The AP's analysis reveals the enormous scope of the U.S. housing market bust and how unevenly the burdens are spread, both geographically and demographically. And the situation is worsening - a record 10 percent of U.S. homeowners with a mortgage are at least one payment behind or were in foreclosure as of last fall, compared with 7.5 percent a year earlier and just under 6 percent in 2006.

The burden is clearly more arduous among minority households, the AP analysis found.

Just under a third of Hispanic homeowners spend at least 38 percent of their income on housing expenses, compared with about a quarter of Asian and black households and nearly 16 percent of white households.

In much of the country, the trend is more pronounced. For example, included among
those who spent at least 38 percent of their income on housing are:

About 40 percent of black borrowers in California, Nevada, Oregon and Massachusetts.
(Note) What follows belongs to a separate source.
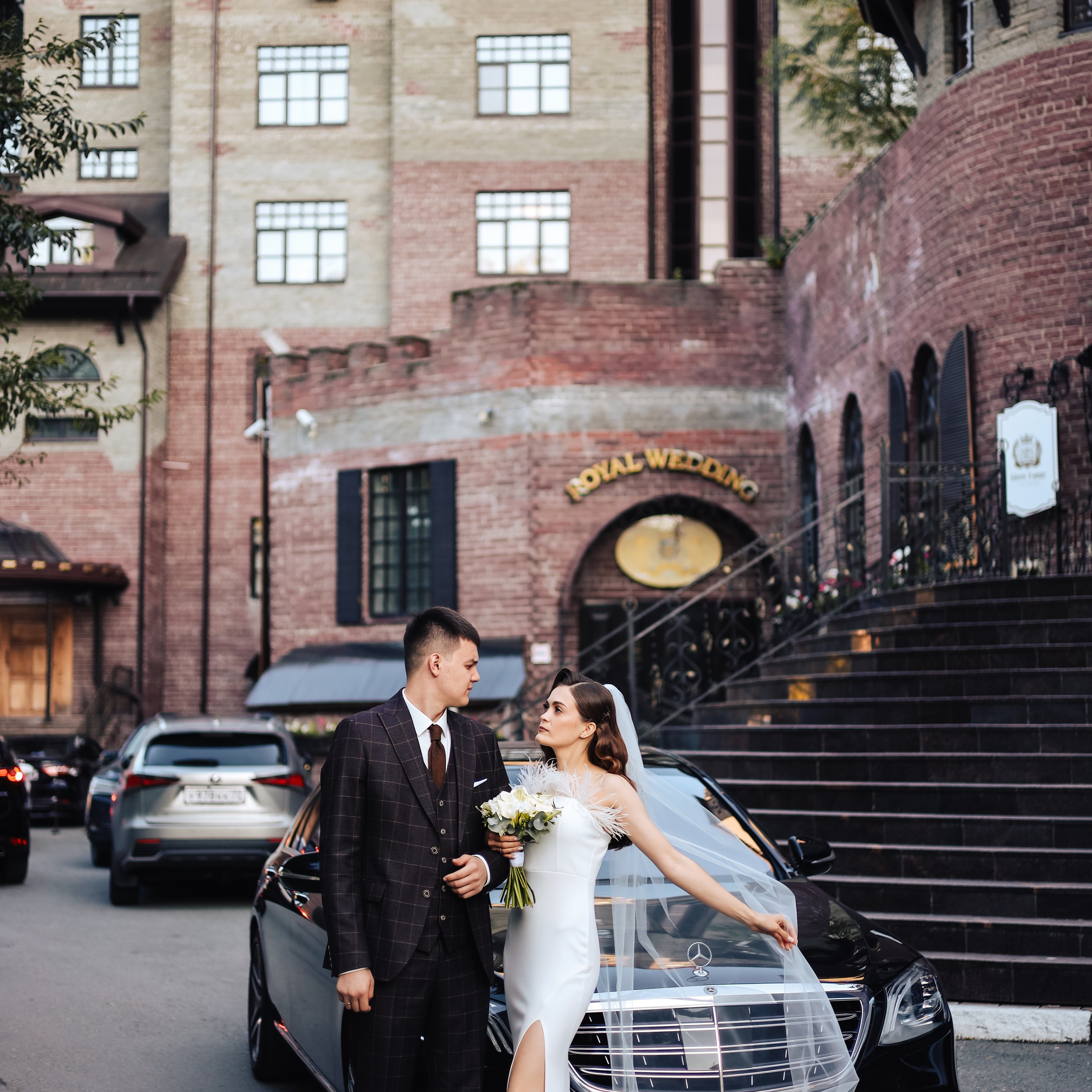 Анастасия & Даниял | 2023 г. Фотограф Ялуторовск/Тюмень Колесникова Анна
More than 30 percent of Asian borrowers in California and Florida.

Nearly half of Hispanic homeowners in Rhode Island and at least 40 percent in Alaska, California, Florida, Hawaii, Maryland, New Jersey and New York.

Many Latino families wound up with expensive subprime mortgages because they often have cash income and no bank account, said Janis Bowdler, associate director for wealth building at National Council of La Raza in Washington.

It is common for Latino families to have stable incomes, but limited credit histories - and hence lower credit scores, which lenders use to gauge risk. Many have multiple sources of income, some of it in cash.

During the housing boom, consumer advocates say it was both faster and more profitable for mortgage brokers and loan officers to put Hispanic families in loans that didn't require proof of income, but charged higher interest rates.

"They had them out the door in a fraction of the time," Bowdler said. "They were definitely getting more expensive loans."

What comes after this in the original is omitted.